They should have never created the federal income tax
Keep in mind that "income tax" does not appear in the wording of our Constitution. However, Congress is allowed to tax income without apportionment. But, the wording does not declare
"The Congress shall have power to lay and collect "direct" taxes on incomes, from whatever source derived, without apportionment."
Additionally, there is no repeal of Art. 1, Sec. 9, Clause 4 . . .
"No Capitation, or other direct, Tax shall be laid, unless in Proportion to the Census or enumeration herein before directed to be taken."

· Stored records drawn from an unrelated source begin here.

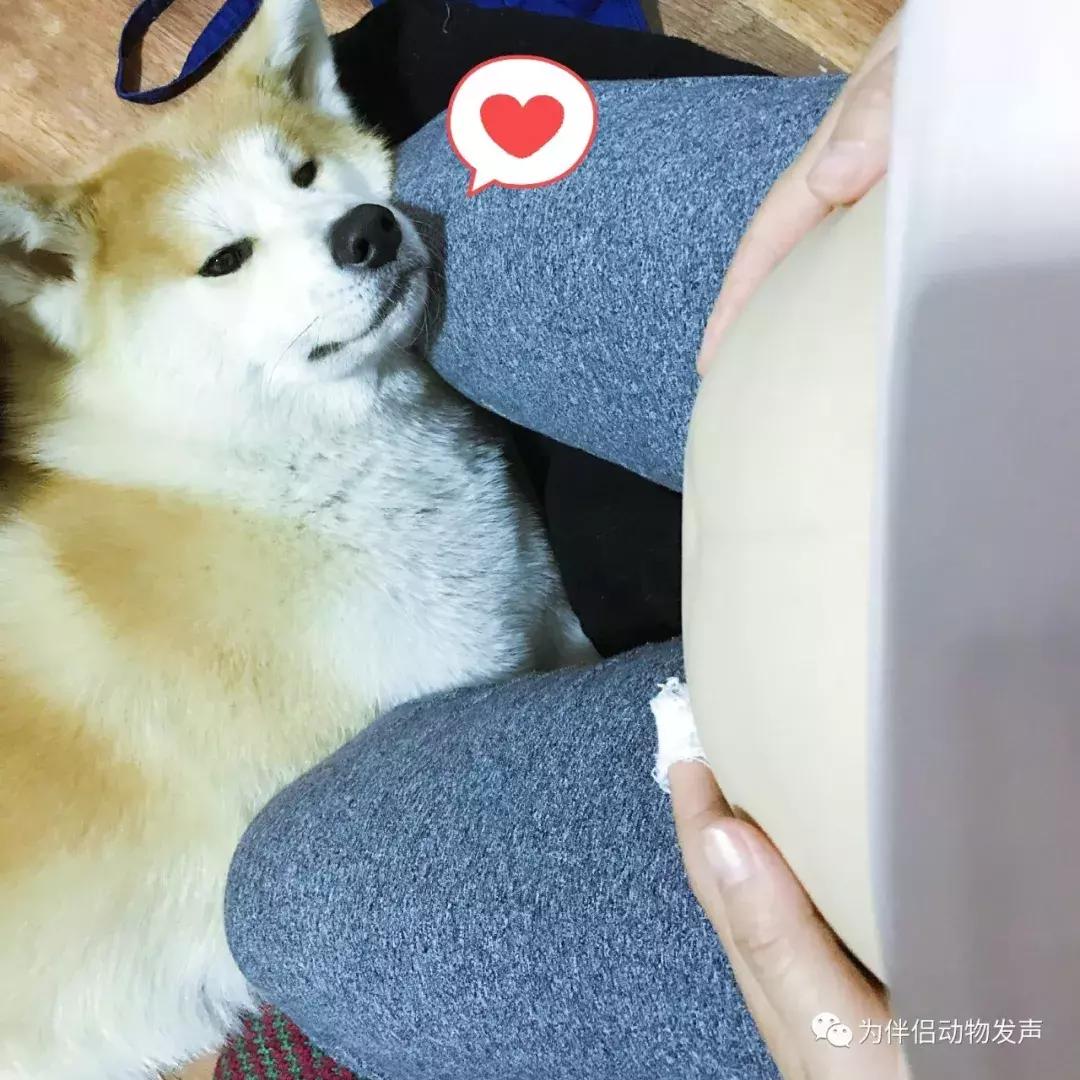 怀孕的时候你还会坚持养宠物吗,孕妇几个月就可以养宠物狗狗了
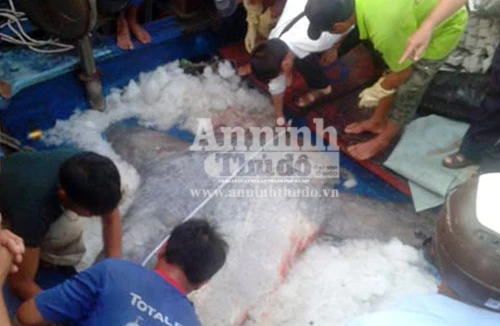 Ngư dân Nghệ An bắt được cá mặt trăng "khủng" 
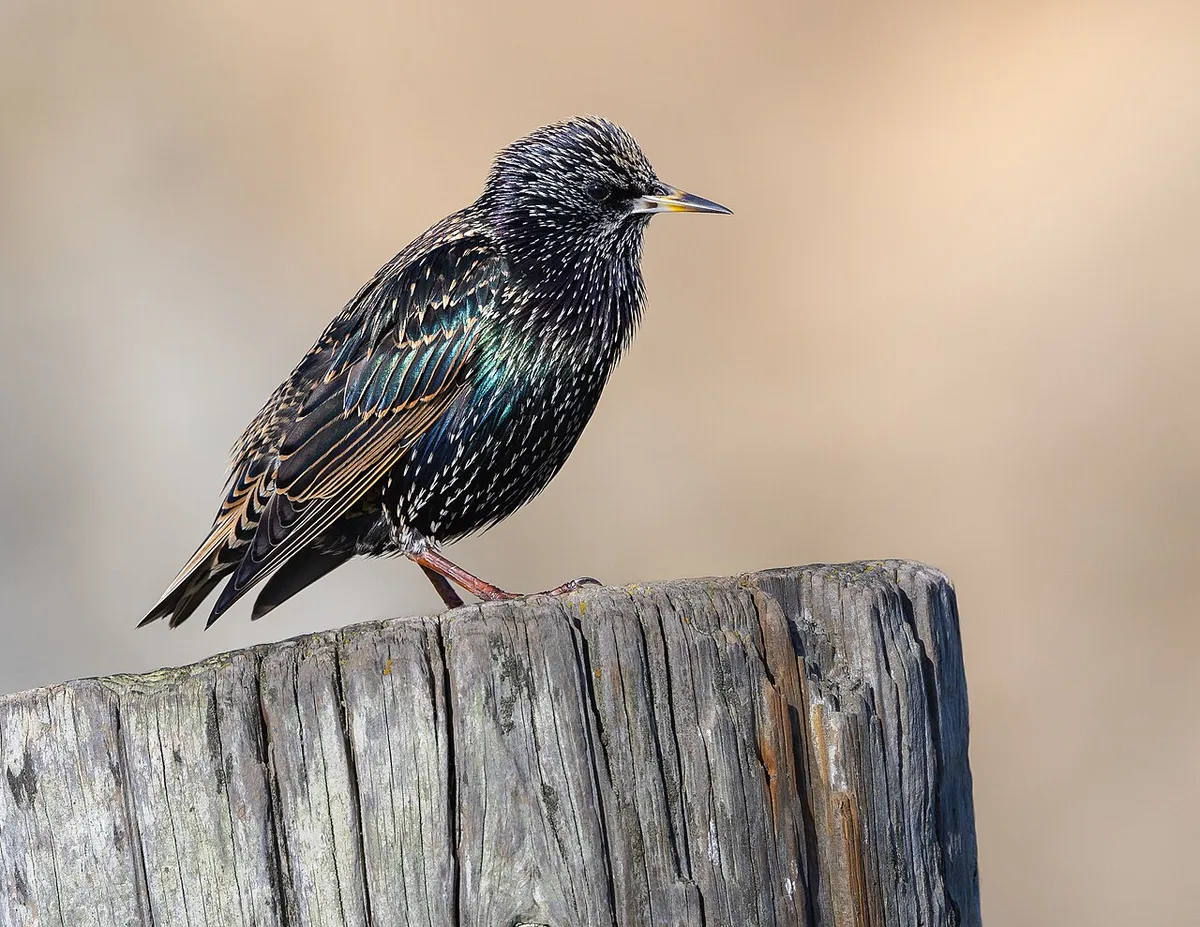 European Starling (Sturnus vulgaris) — photo 5 of 6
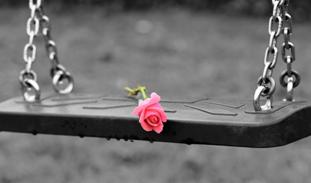 pink-rose-on-empty-swing-3656894_1280.jpg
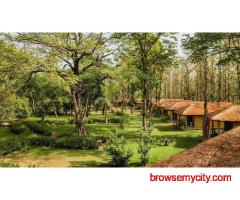 Cozy Wilderness at Bijrani Jungle Cottages: New Year Packages in Jim Corbett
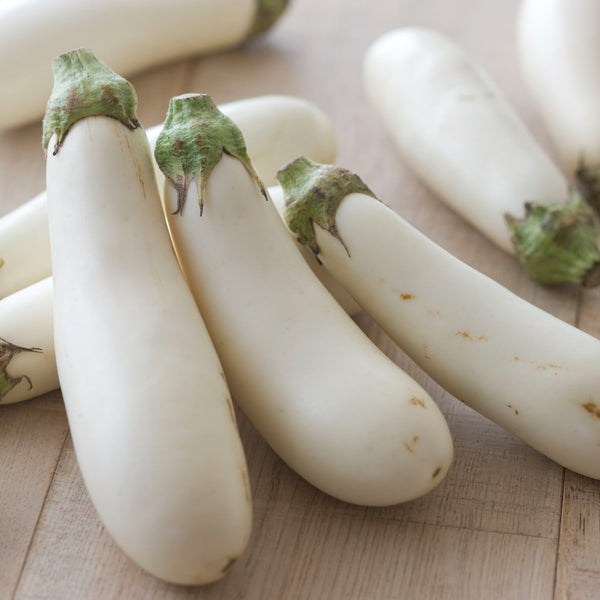 Casper Eggplant – MIgardener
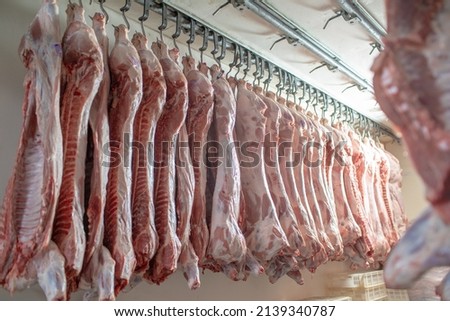 close-up of meat processing in the food industry, the worker cuts raw pig, storage in refrigerator, pork carcasses hanging on hooks in a meat factory Royalty-Free Stock Photo #2139340787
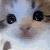 a close up of a cat 's face with a blurred background .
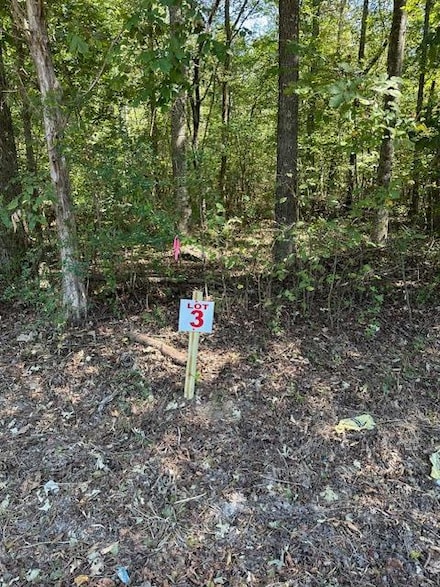 Lot 3 Sales Landing Rd, Camden, TN 38320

So, how may Congress lay and collect a tax on income without apportionment, and not violate the direct tax protection provision in our Constitution?
The answer is found in
FLINT v.
STONE TRACY CO., 220 U.S. 107 (1911).
The Court explained with reference to the corporate excise tax, a tax calculated from "income" :
"The tax under consideration, as we have construed the statute, may be described as an excise upon the particular privilege of doing business in a corporate capacity, i. e., with the advantages which arise from corporate or quasi corporate organization; or, when applied to insurance companies, for doing the business of such companies. As was said in the Thomas Case, 192 U. S. supra, the requirement to pay such taxes involves the exercise of [220 U.S. 107, 152] privileges, and the element of absolute and unavoidable demand is lacking. If business is not done in the manner described in the statute, no tax is payable."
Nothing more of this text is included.